Pakpos

A fast, lightweight native desktop HTTP client written in Rust. No account, no Electron.

Pakpos

Description

A native desktop HTTP client written in Rust. I built this because Postman has gotten bloated and requires an account now, and I wanted something fast and simple that just works. The goal was never to replace Postman feature-for-feature — it was to cover the 90% of daily API testing work with a tool that gets out of my way.

What it does:

  • GET, POST, PUT, DELETE, PATCH, HEAD requests
  • Custom headers and query parameters support
  • JSON editor with syntax highlighting for request and response bodies
  • Auto-formats JSON responses
  • Smart indentation and bracket matching in the editor
  • Loading state and visual feedback for pending requests

A few things worth calling out:

  • Under 50MB. Postman is ~500MB. Insomnia is ~200MB. Pakpos is a single binary you can throw in your PATH and forget about.
  • Actually native. Built with Iced, not Electron or any webview wrapper. It starts fast, uses minimal memory, and doesn’t spin up a browser engine just to render a text field.
  • No account required. Open it, use it. Nothing to sign in to, no telemetry, no paywalled features.

Screenshots

Pakpos Demo 1 Pakpos Demo 2 Pakpos Demo 3

Tech Stack

Rust

Rust is the language the entire project is written in.
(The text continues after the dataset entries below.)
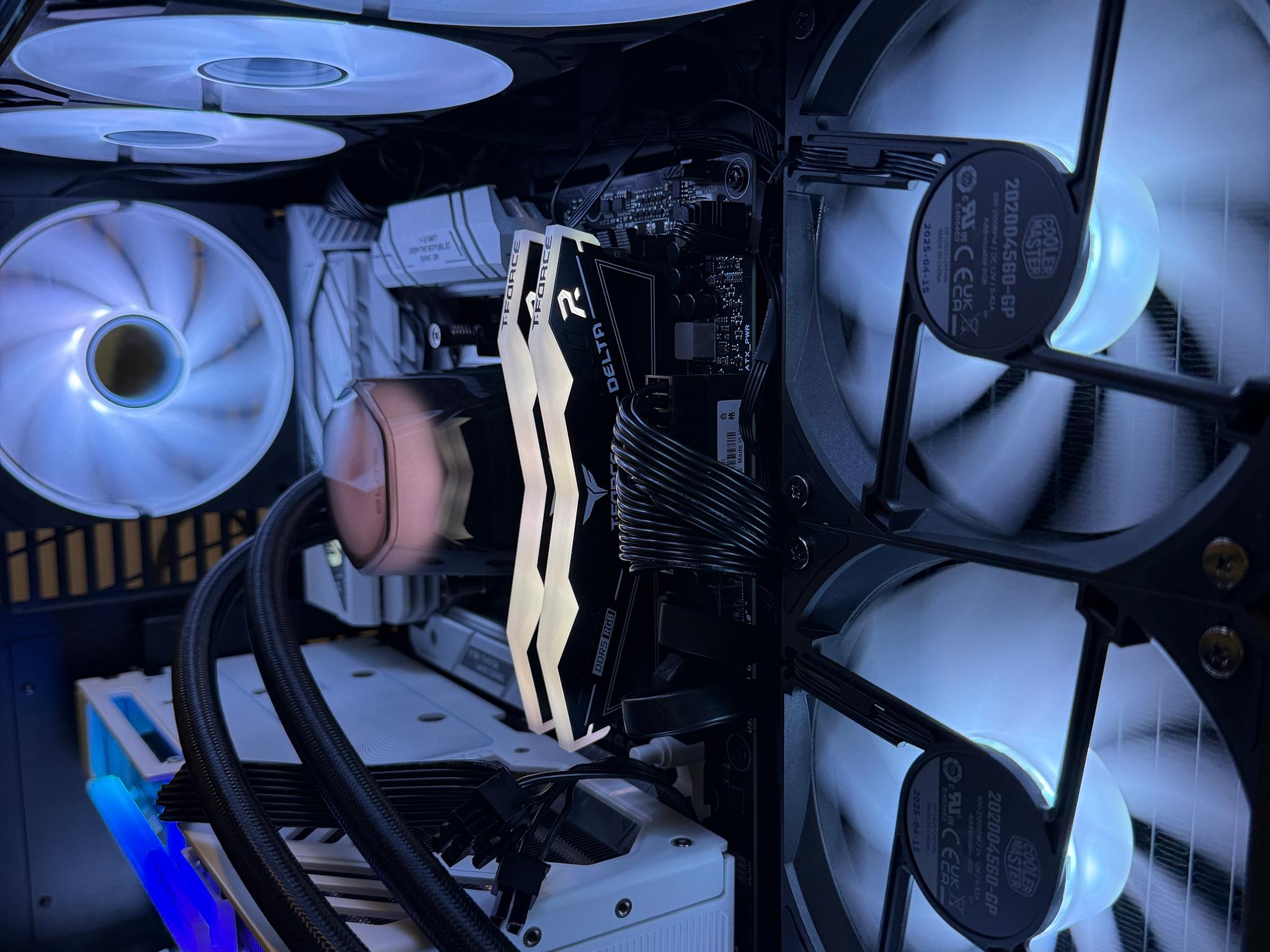 1440p/1080p Gaming PC: Intel Arc B580 - Ryzen 5 9600X-16gb ddr5-AIO cooled CPU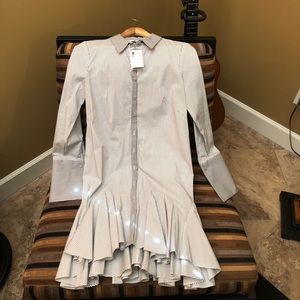 Intermix stripe dress new with tags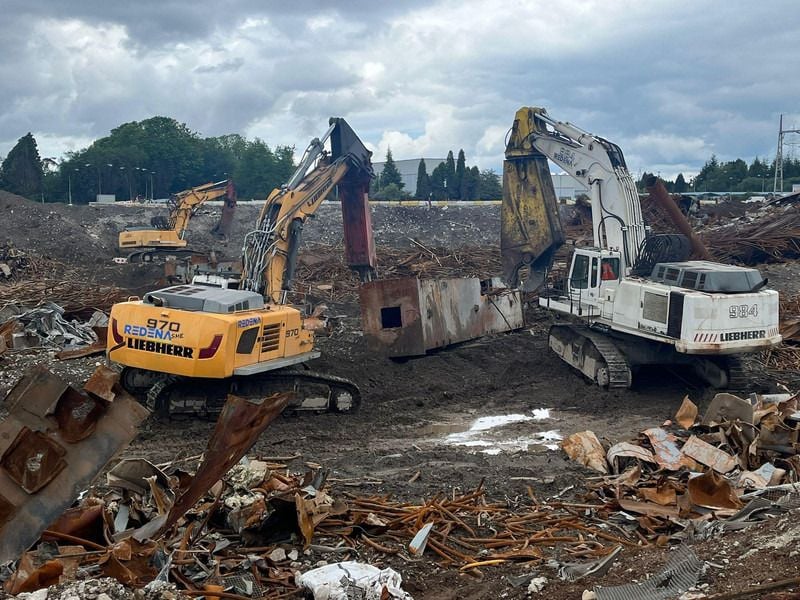 2002 Liebherr R984C Crawler Excavator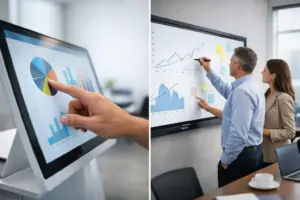 Touchscreen vs Smartboard: Which Fits Your Space?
The choice wasn’t just for performance — it was about reliability. Rust’s ownership model and strict compile-time checks mean a large class of bugs (null pointer dereferences, data races, use-after-free) simply can’t exist at runtime. For a tool that makes network requests and handles concurrent I/O, that guarantee matters. The resulting binary is small, self-contained, and has no runtime dependency to install. It ships as a single executable that just works.

Iced

Iced is a cross-platform GUI framework for Rust, inspired by Elm’s architecture. It follows a purely functional, message-passing model: UI state is updated in response to explicit messages, making the data flow easy to reason about and test. Crucially, Iced renders using the GPU via wgpu — there is no webview, no browser engine, no Electron shell. This is what keeps Pakpos feeling instant to open and light on memory even while managing editor state and live response rendering. It’s also what makes it a truly native application rather than a web app dressed up as a desktop one.

Tokio

Tokio is Rust’s de-facto asynchronous runtime. HTTP requests are inherently I/O-bound — the application needs to fire off a request and wait for the response without freezing the UI. Tokio makes this possible by running async tasks on a thread pool, so the interface remains responsive while a request is in-flight. It’s what powers the loading state and the cancellation-safe request lifecycle in Pakpos.

Reqwest

Reqwest is an ergonomic, async-first HTTP client library for Rust built on top of Tokio. It handles the low-level details of constructing HTTP requests — serializing headers, encoding the body, managing redirects, and parsing responses — so the application code can focus on the user-facing logic. It supports all the methods Pakpos exposes (GET, POST, PUT, DELETE, PATCH, HEAD) and integrates cleanly with Tokio’s async ecosystem, making it a natural fit for the stack.